There are many class designs of asphalt and not only do you get 'more bang for your buck' with asphalt, but you also get a smoother ride. Concrete for roads is a thing of the past; and union implications are present in both.
-Let's pave the planet!-
I often laugh when I hear we need smaller student teacher ratios. Once teachers had 40 students and it might have been too much, but is 20 enough? How about when a teacher, wanting more money, asks for an assistant (non certified) and raises the student ratio back to 40? Is that a reason to call for smaller class sizes?
Or what about the school that lowers the number to 18? That school must physically enlarge (usually they hype the need for a new school) and they then need to hire more teachers and more administrators, and on and on.......

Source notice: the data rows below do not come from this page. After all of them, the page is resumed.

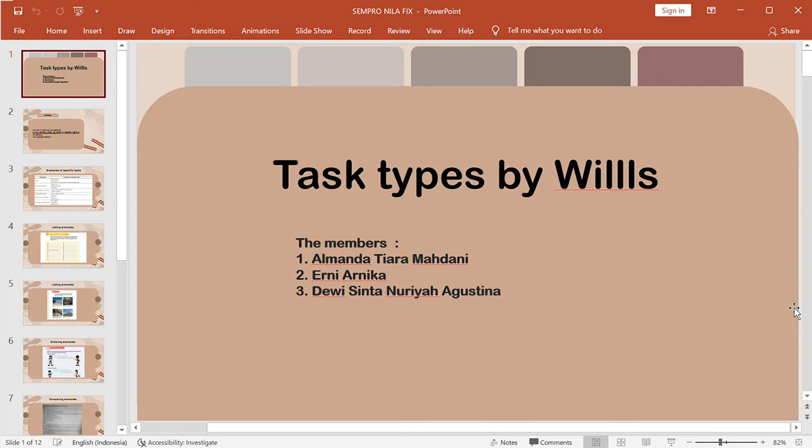Assalamualaikum warahmatullahi wabarakatuh. Hello everyone, hello Miss Vita. Today we will explain about text types by Wheels. First of all, let me introduce our member. My name is Almanatiara.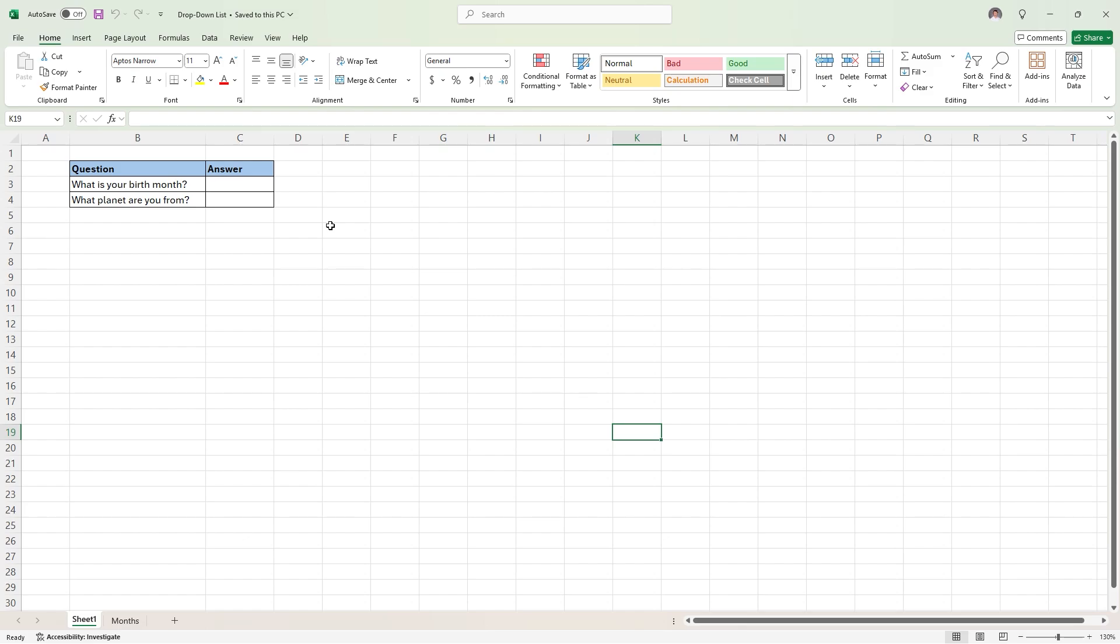Hey everyone, if you're looking to create a drop-down list in Excel, there are two main methods, and I'm going to show them both to you.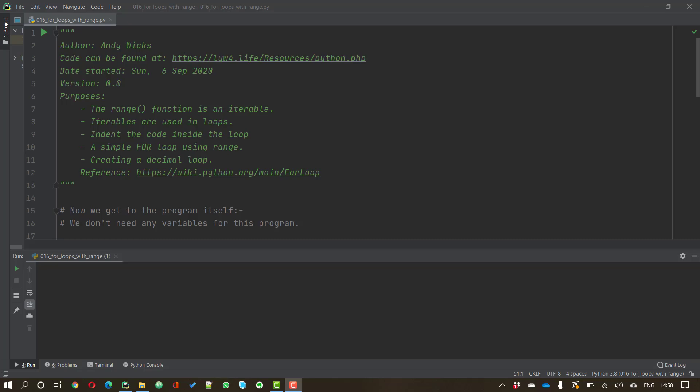Now the range function is iterable, and what we do when we use the for command is we indent the code inside the loop in exactly the same way as we indented the code inside the if statement. And the easiest way to use a for loop is with the range function, although there are other uses for the for loop. And we'll look at how we create that decimal loop that we looked at in the examples in the previous video.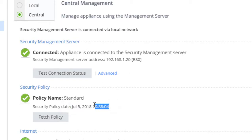Great, and that is how we set our local SMB appliance to be managed centrally. Thank you.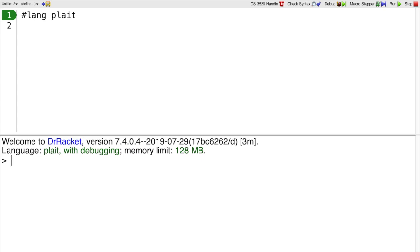After we do that, now you can see the bottom window says we're in the Language Plait, and I can type a plait expression such as 1. 1 by itself is an expression. You can see what plait says here is that the value of 1 is 1, but before it does that, it shows you that the type of 1 is number.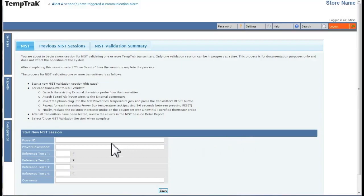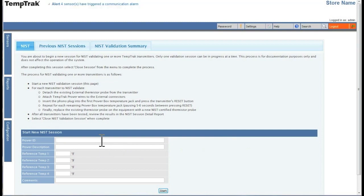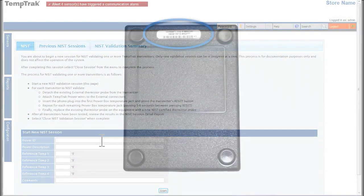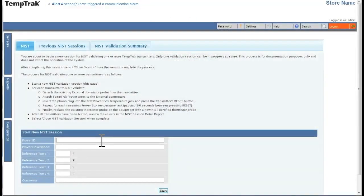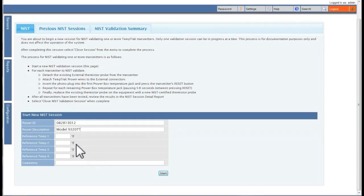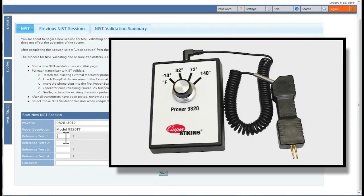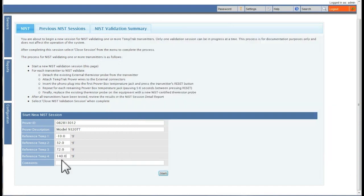To start a new NIST validation session, you will need to enter the Prover ID, which is located on the back of the Prover box. You can then enter a Prover description. The four reference values are the temperature values on the front of the Prover box. You will need to enter these in.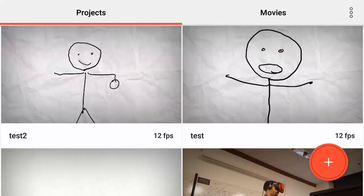So today we're going to go over how to make animations in Flipaclip. Flipaclip is an app available on the iOS and Android store.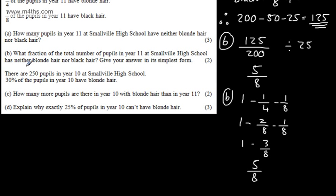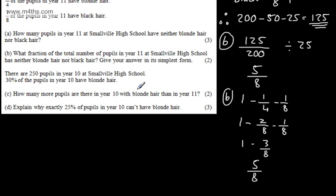Now we're told there are 250 pupils in Year 10 at Smallville High School, and 30% of the pupils in Year 10 have blonde hair. In part C, for two marks, the question asks: how many more pupils are there in Year 10 with blonde hair than in Year 11? Let's go ahead and set this up.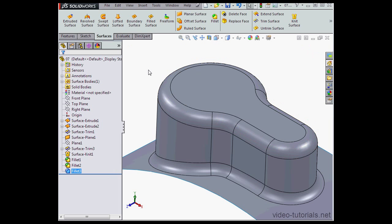This concludes our video about applying fillets to your surface models. In our next lesson, we're going to learn about the Thicken tool. We'll see you back in a minute.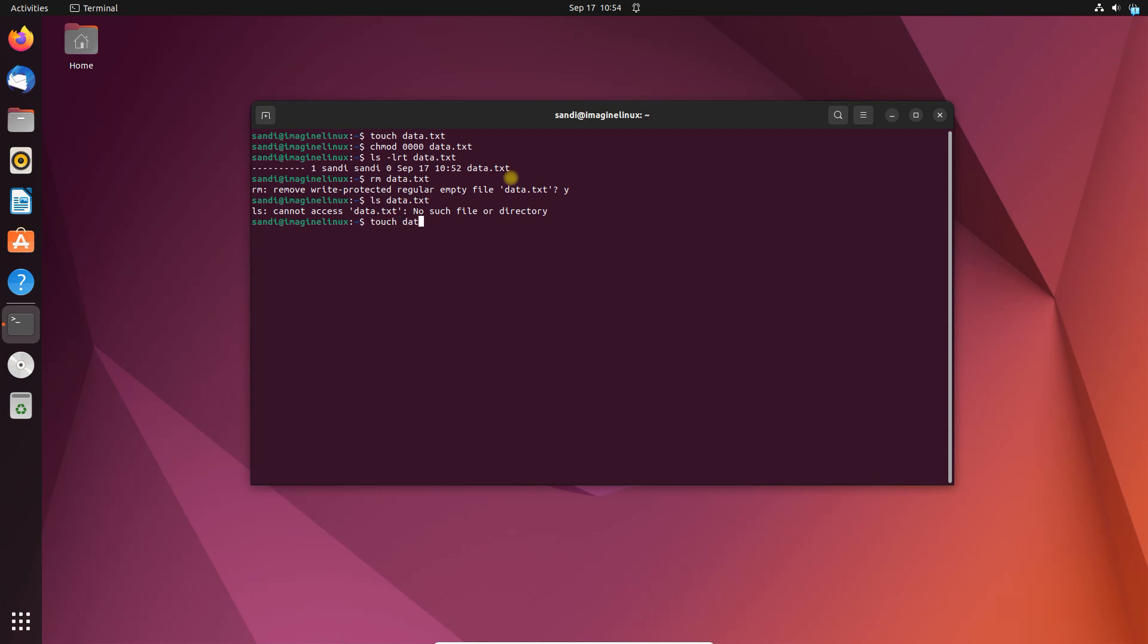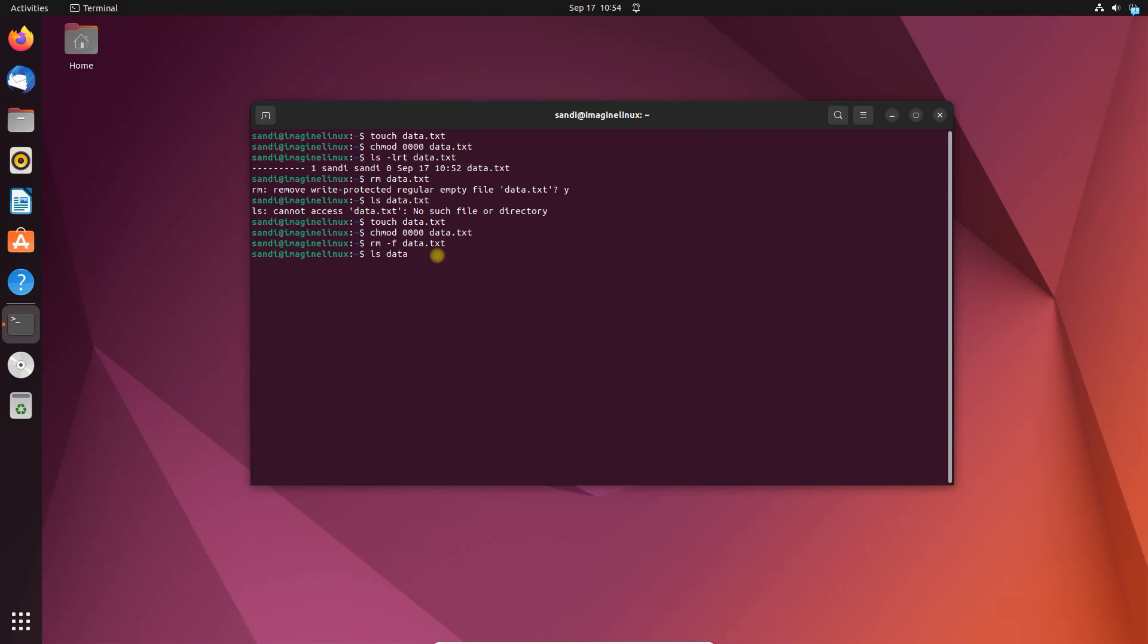You can use the -f option with rm to forcefully remove a file. This will not ask for confirmation and simply remove the file. Note: Linux commands by default do not provide feedback. If you do not get any error on terminal, that means command execution is successful. You can also verify the file removal by using the ls command.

After 15 years of harping,WSDOT has decided to remake the 405 167 interchange.
The traffic will be split up to exits at Benson HWY,East valley,and 167.
That will enable East hill traffic to take 515 to east hill,Valley traffic will take east valley,By pass traffic will take 167.
This should have been done already but they just had to capitalize on some gridlocke to get their lexus lanes first.
All over the original corridors are performing to slowly and lack capacity.
I think WSDOT is getting the hang of the idea of getting more local traffic off the interstates and onto the original corridors where they belong.
40. Any SP contributors out there? I miss my red meat buffet today. How about Connelly's asking for Mickey D to retire?